Supported by funding from the Missouri Department of Transportation (MoDOT) and the Mid-America Transportation Center (MATC), a U.S. Department of Transportation initiative based at the University of Nebraska-Lincoln, Long and Corns are also using geospatial data from the U.S. Geological Survey, the National Weather Service and other public data sources to build their forecasting model.

For this research project, Long and Corns will use data from the Meramec and Missouri river basins to train a deep learning neural network to determine how deep and how quickly floodwaters will rise.

“We’ll use river rise and current flood plain modeling efforts from partners as part of a deep learning model to develop algorithms to determine when and where traffic needs rerouted,” says Long, chair and professor of EMSE. “We’ll use the ground truth from the spring 2019 flooding to guide our solutions and as model inputs.”

“This will be used to find relationships between the available data to increase the overall accuracy of the deep learning neural network,” says Corns, an associate professor of EMSE.

“This rate of rise is used to model evacuation or detour planning modules that can be implemented to assure the safety of the community and highway personnel, as well as the safe and secure transport of goods along public roadways,” Long adds.

The pair will also create a routing algorithm to guide evacuations based on an assessment of available roads and their conditions. Here, the AI will help determine which roads are accessible during flooding and which can accommodate the evacuation traffic.

“These modules can be linked to existing real-time rainfall gauges and weather forecasts for improved accuracy and usability,” Long says. “The transportation safety or disaster planner can use these results to produce planning documents based on geospatial data and information to develop region-specific tools and methods.”

Long and Corns received $124,000 in funding from MoDOT and MATC for the 12-month project, which is in its early stages.

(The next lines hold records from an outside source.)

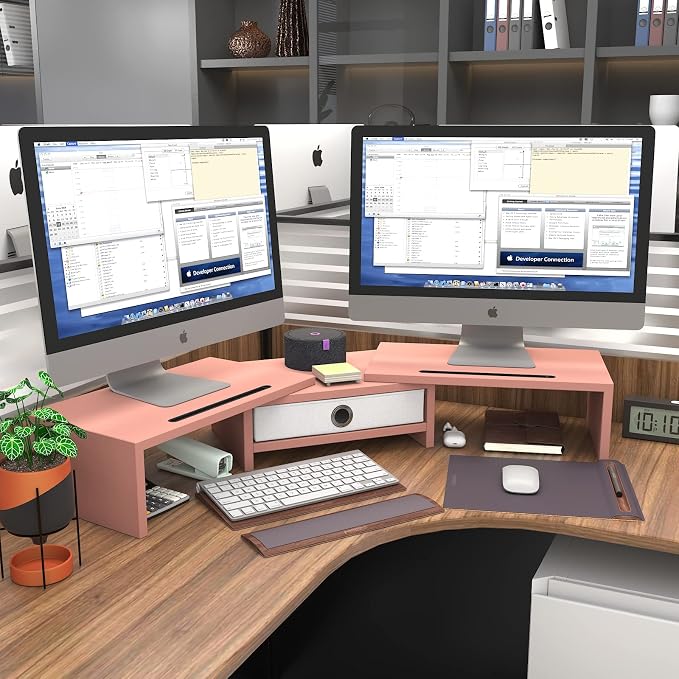 WESTREE Dual 3 Shelf Computer Riser with Drawer, Adjustable Length and Angle, Desktop 2 Monitor Stand Storage Organizer - Image 2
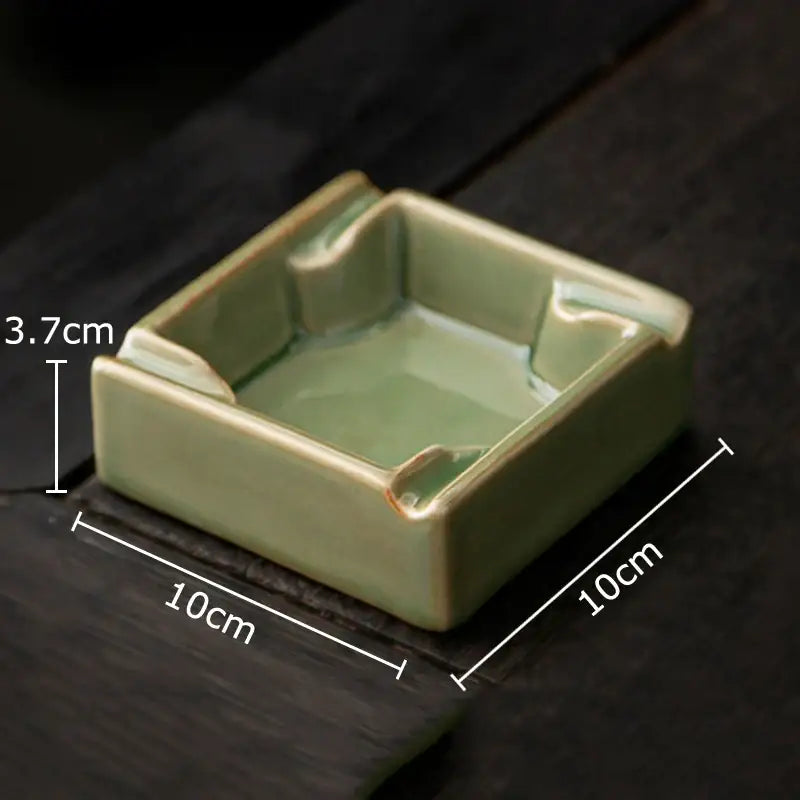 Geometric green ceramic ashtray with lid – office desk decor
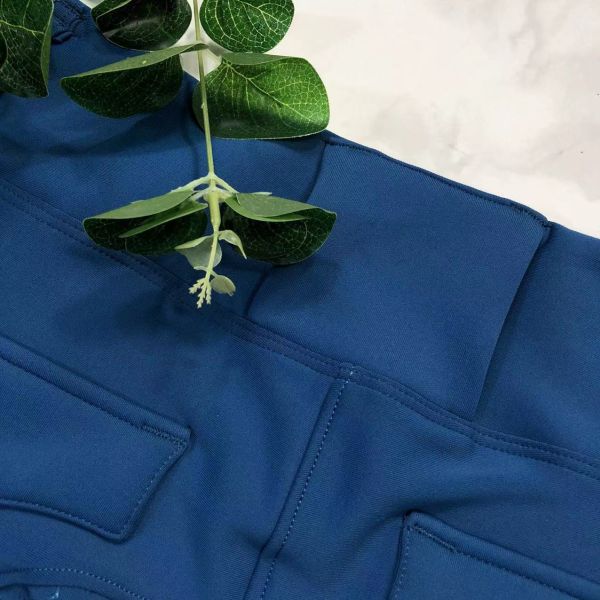 Breathable Horse Riding Pants With Pocket Blue Equestrian Brushed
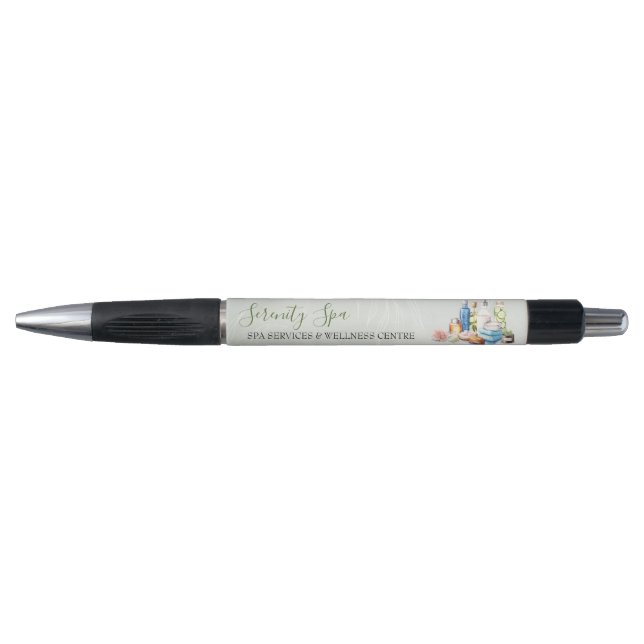 Green Watercolor Day Spa and Wellness Pen (Front)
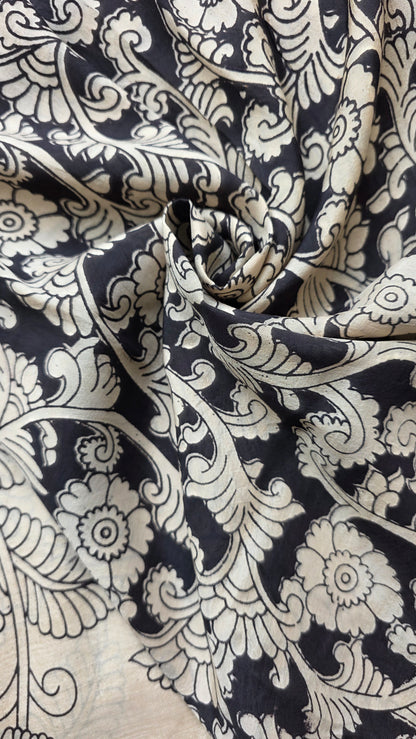 Katha ivory/black Chennuri Silk|kalamkari Saree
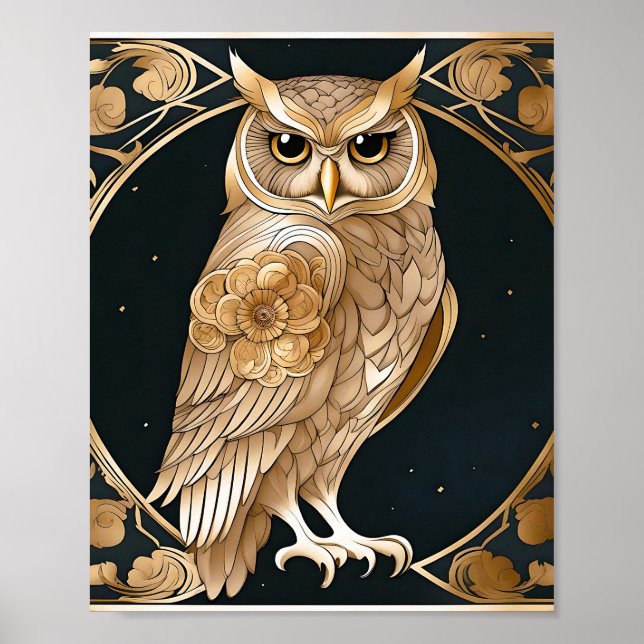 Golden Vintage Owl Art Deco Poster (Front)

The project combines Corns’ expertise in computational intelligence and complex systems with Long’s focus on disaster recovery. In 2013, Long and Corns worked with the USGS and the University of Puerto Rico at Mayaguez to develop a model to help city planners return their communities to their pre-event state after a large-scale disaster. That project was inspired by the EF-5 tornado that ripped through the southwest Missouri city of Joplin in 2011.